Event-Driven Architecture
Choreography vs orchestration, event sourcing, event schema versioning
Event-driven architecture (EDA) decouples producers and consumers through events — immutable records of facts that occurred. The two coordination models are choreography (services react to events independently, no central coordinator) and orchestration (a central workflow engine directs service interactions). Event sourcing persists the complete history of domain events rather than current state, enabling time-travel debugging, audit trails, and projection of any read model.

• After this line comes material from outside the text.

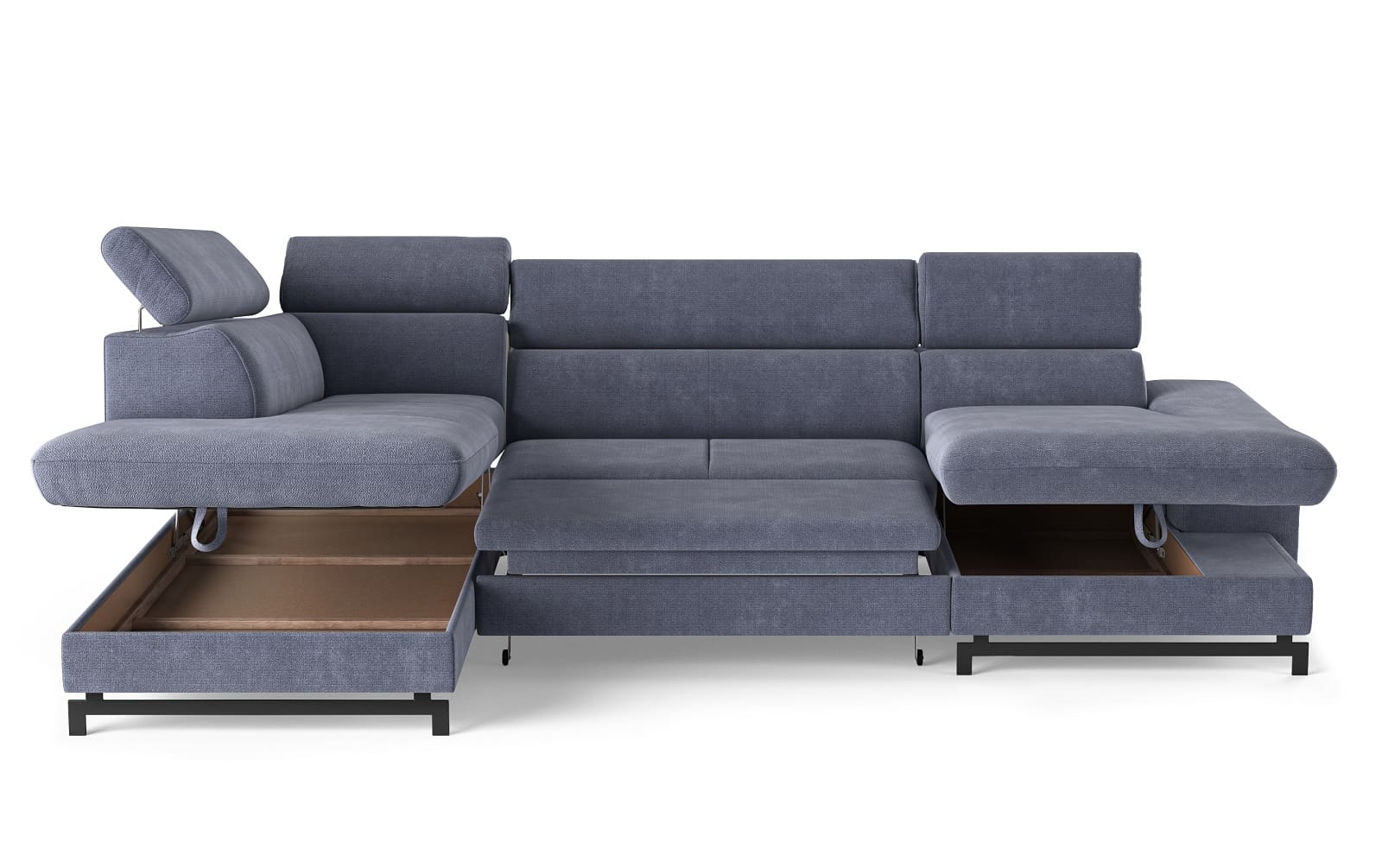 Emma Wohnlandschaft mit Schlaffunktion und Bettkasten - Cotta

CQRS (Command Query Responsibility Segregation) is frequently paired with event sourcing: commands produce events, events build read-optimized projections, queries hit projections.
Key Points
- Choreography is highly decoupled but harder to debug — tracing a business process requires correlating events across multiple services' logs; distributed tracing with correlation IDs is essential.

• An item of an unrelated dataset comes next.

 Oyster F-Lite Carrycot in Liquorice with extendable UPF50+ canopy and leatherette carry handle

- Orchestration (Temporal, Conductor, AWS Step Functions) provides explicit business process visibility and easier debugging but centralizes control, which can become a bottleneck.
- Event sourcing stores events as the source of truth (append-only event log); current state is computed by replaying events — enables complete audit trail and retroactive bug fixing by replaying with fixed logic.
- Event schema evolution is non-trivial — once an event is published and consumed by multiple downstreams, schema changes require backward-compatible additions or versioned event types.
- Apache Kafka provides at-least-once delivery with offset management; Kafka Streams or ksqlDB enables stateful stream processing (joins, aggregations, windowing) on event streams.
- Exactly-once processing requires idempotent consumers (deduplicate by event ID) + transactional outbox (write DB + publish event in same transaction) to prevent duplicate effects.
- Event-driven systems are eventually consistent by design — designing UX for "your order is being processed" rather than "your order is placed" is an organizational as much as a technical challenge.
- Dead Letter Queue (DLQ): events that cannot be processed after max retries go to a DLQ for inspection and manual replay — essential for production reliability.
Real-World Example
Uber's Marketplace uses event choreography via Apache Kafka for the core trip lifecycle — 30+ services react to "TripRequested", "DriverAccepted", "TripStarted", "TripCompleted" events independently. This decoupling allows Uber to deploy individual services (Surge Pricing, ETA, Maps) without coordinating across all teams — a critical enabler for their 4,000-engineer engineering organization.